> [Stored data entries]
--------------------

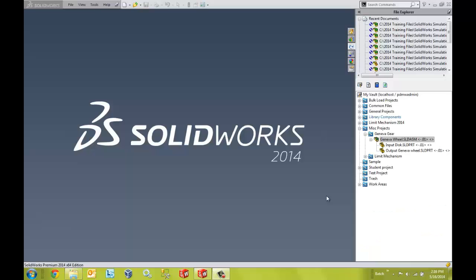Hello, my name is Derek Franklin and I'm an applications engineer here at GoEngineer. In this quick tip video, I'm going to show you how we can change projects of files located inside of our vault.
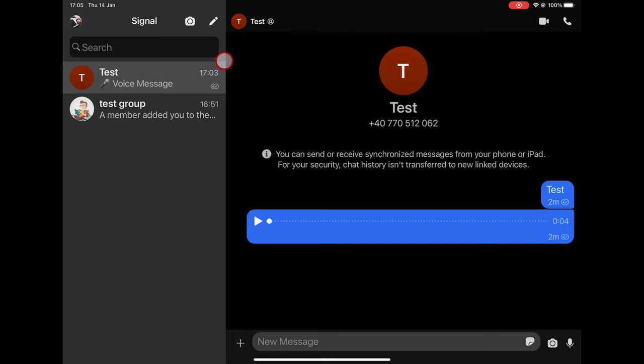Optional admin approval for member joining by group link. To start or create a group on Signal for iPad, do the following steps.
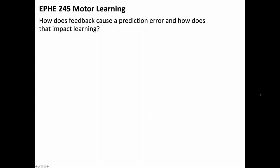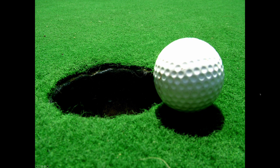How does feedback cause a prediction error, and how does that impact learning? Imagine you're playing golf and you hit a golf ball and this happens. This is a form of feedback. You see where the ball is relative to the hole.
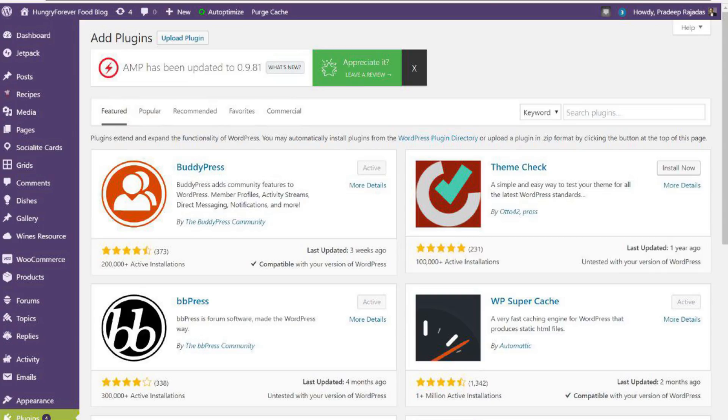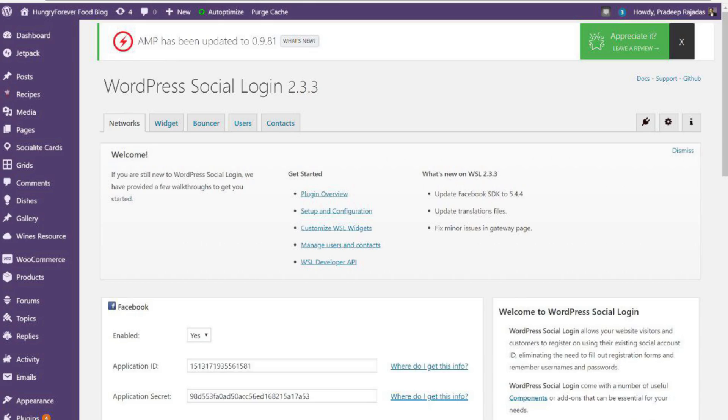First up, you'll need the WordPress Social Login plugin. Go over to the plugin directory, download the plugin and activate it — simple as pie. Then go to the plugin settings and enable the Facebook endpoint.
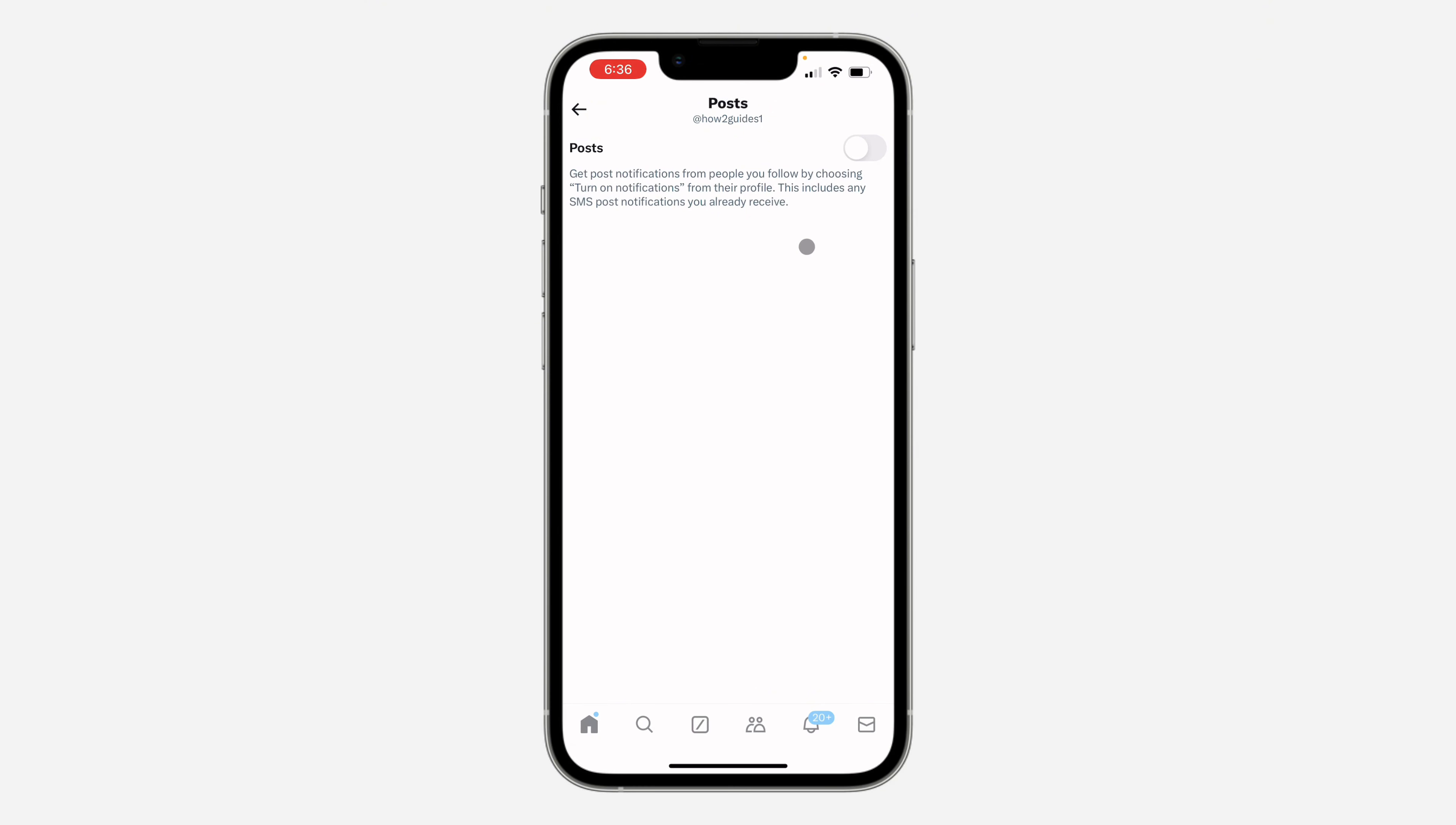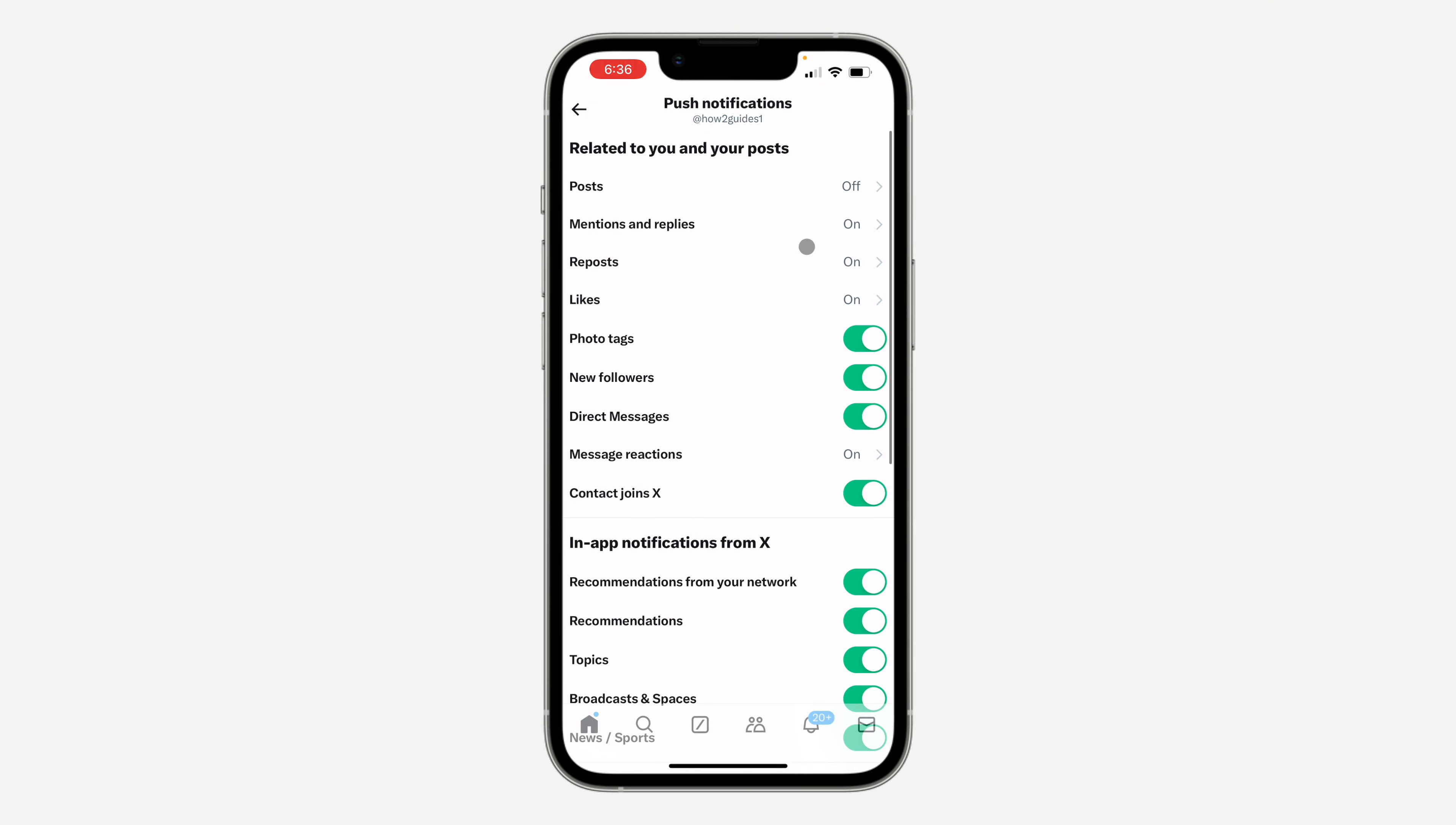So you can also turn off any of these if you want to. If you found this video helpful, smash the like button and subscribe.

--------------------

> [INSTRUCTIONS TO FOLLOW] Write the entries out again exactly as they appear, with the pictures omitted.

> [FINISHED TASK]
Hello, my name is Derek Franklin and I'm an applications engineer here at GoEngineer. In this quick tip video, I'm going to show you how we can change projects of files located inside of our vault.
Optional admin approval for member joining by group link. To start or create a group on Signal for iPad, do the following steps.
How does feedback cause a prediction error, and how does that impact learning? Imagine you're playing golf and you hit a golf ball and this happens. This is a form of feedback. You see where the ball is relative to the hole.
First up, you'll need the WordPress Social Login plugin. Go over to the plugin directory, download the plugin and activate it — simple as pie. Then go to the plugin settings and enable the Facebook endpoint.
So you can also turn off any of these if you want to. If you found this video helpful, smash the like button and subscribe.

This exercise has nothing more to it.